*Input data:*
■ ■ ■ ■ ■ ■ ■
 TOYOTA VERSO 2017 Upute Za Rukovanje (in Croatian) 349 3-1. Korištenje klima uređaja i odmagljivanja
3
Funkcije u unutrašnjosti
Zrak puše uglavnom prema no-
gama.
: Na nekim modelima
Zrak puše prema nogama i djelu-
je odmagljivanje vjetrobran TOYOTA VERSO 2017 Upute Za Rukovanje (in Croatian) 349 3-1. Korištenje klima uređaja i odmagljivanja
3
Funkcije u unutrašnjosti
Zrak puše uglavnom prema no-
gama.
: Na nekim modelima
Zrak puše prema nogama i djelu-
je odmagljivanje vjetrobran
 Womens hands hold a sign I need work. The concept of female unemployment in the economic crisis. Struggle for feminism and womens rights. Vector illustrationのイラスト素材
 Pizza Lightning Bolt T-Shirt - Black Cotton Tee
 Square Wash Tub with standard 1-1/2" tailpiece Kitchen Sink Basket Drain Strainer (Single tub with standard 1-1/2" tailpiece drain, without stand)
■ ■ ■ ■ ■ ■ ■
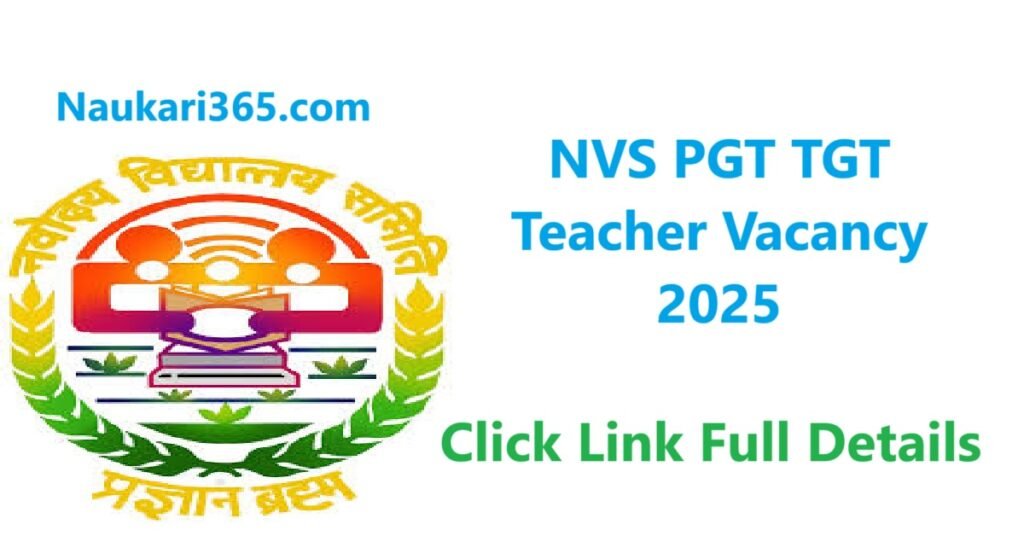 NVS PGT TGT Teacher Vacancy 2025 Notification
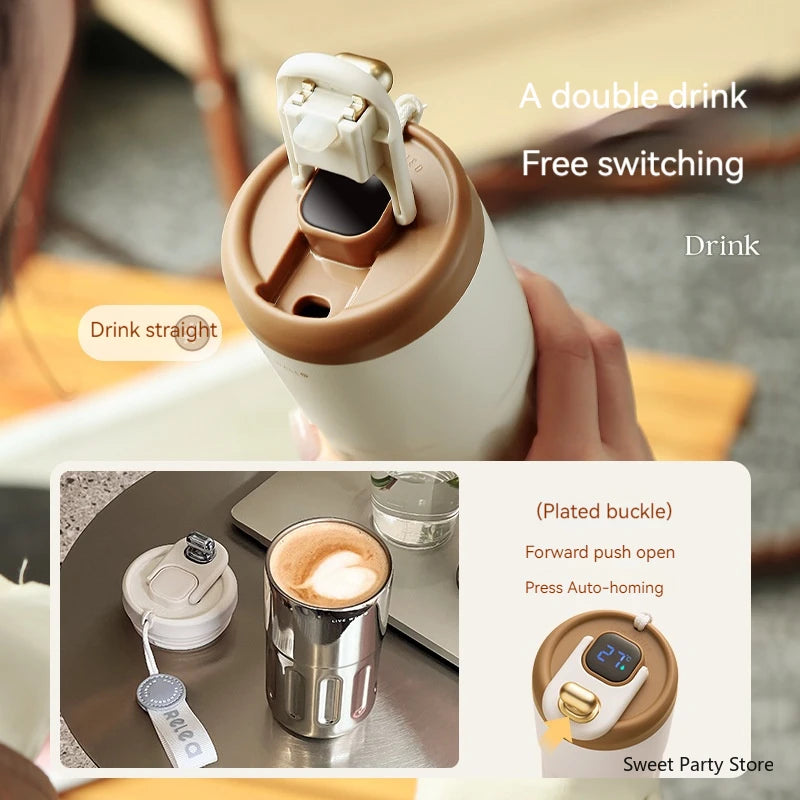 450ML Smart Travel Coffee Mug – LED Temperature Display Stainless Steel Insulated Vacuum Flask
■ ■ ■ ■ ■ ■ ■
*Exercise objective:* What is needed is the number of lines above that include the string "Korištenje", and nothing else.

*Answer to this task:* 2